Figure-ground Plans – The City in Black and White
A figure-ground plan reduces the shape and scale of urban space to a two-dimensional diagram. It shows the structure of a city with its streets, squares, and various block sizes as well as the form and density of its built space. It can also reveal the footprint of history without requiring additional information. A figure-ground plan represents a horizontal section of the city. Every building cut by an imagined horizontal plane passing through it at a traditional height of one metre is shown in black.
Figure-ground plans are akin to the silhouette portraits popular in the eighteenth century, which also provided abstract representations of complex morphologies. While the characteristic facial features disappear in the silhouette’s solid black, the unmistakable profile of the person portrayed appears all the more clearly.
In the history of urban design, figure-ground plans were often used as an urban planning tool to depict the spatial impact of existing and planned buildings. Looking at a figure-ground plan is to virtually roam the streets with your eyes.
In the late nineteenth century, important publications on urban design theory such as Joseph Stübben’s Der Städtebau (Urban Design) or Camillo Sitte’s City Planning According to Artistic Principles (often translated as The Art of Building Cities) began using figure-ground plans to analyse the urban design qualities of well-known squares and streets in European cities, making it possible to compare their scales, proportions, and forms. When a trend towards more open urban structures emerged in the twentieth century, figure-ground plans lost much of their relevance as an urban planning tool.

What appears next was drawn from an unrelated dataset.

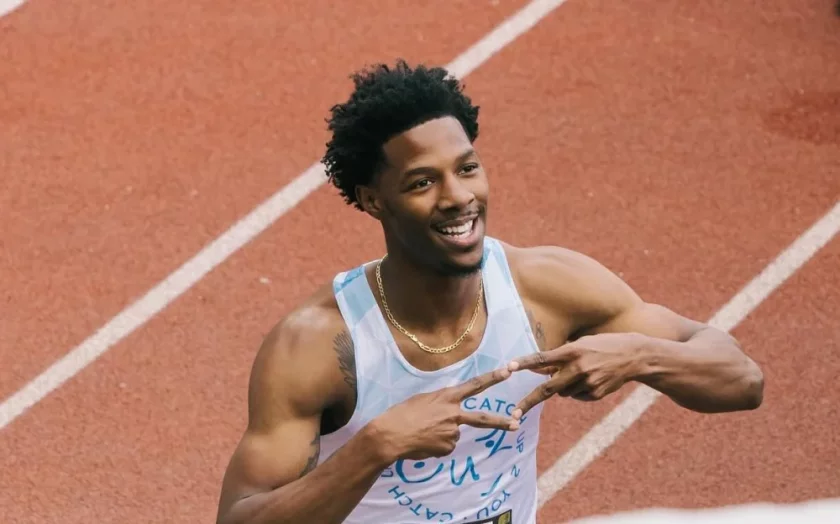 Американският бегач Крис Робинсън се превърна в световен хит в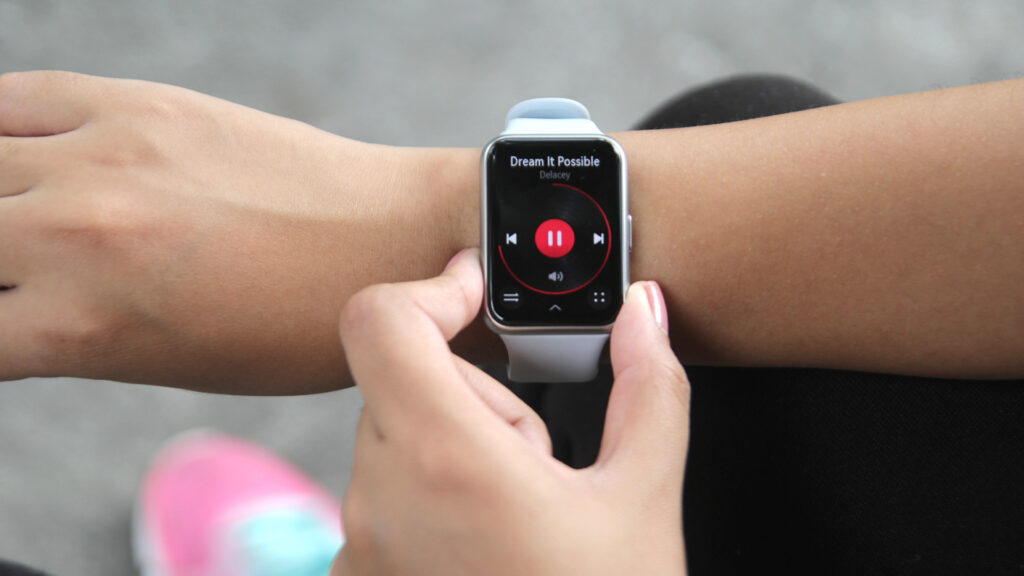The music playback controls are a breeze to use and require no longer curve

Something of a figure-ground revival has been taking place in Berlin since 1996, when the Senate Department for Urban Development and Housing began to draw up plans for the city centre. Figure-ground plans were used to map the extent of destruction wrought by bombs during the Second World War and by post-war demolition for new developments. They also proved helpful in a critical reconstruction of the city’s layout.
The Urban Development Department commissioned Nöfer Architekten with compiling these plans and collaborated in their production. The results have been shown in numerous exhibitions – including the German display at the 2000 Venice Biennale of Architecture – and can be seen in a range of publications.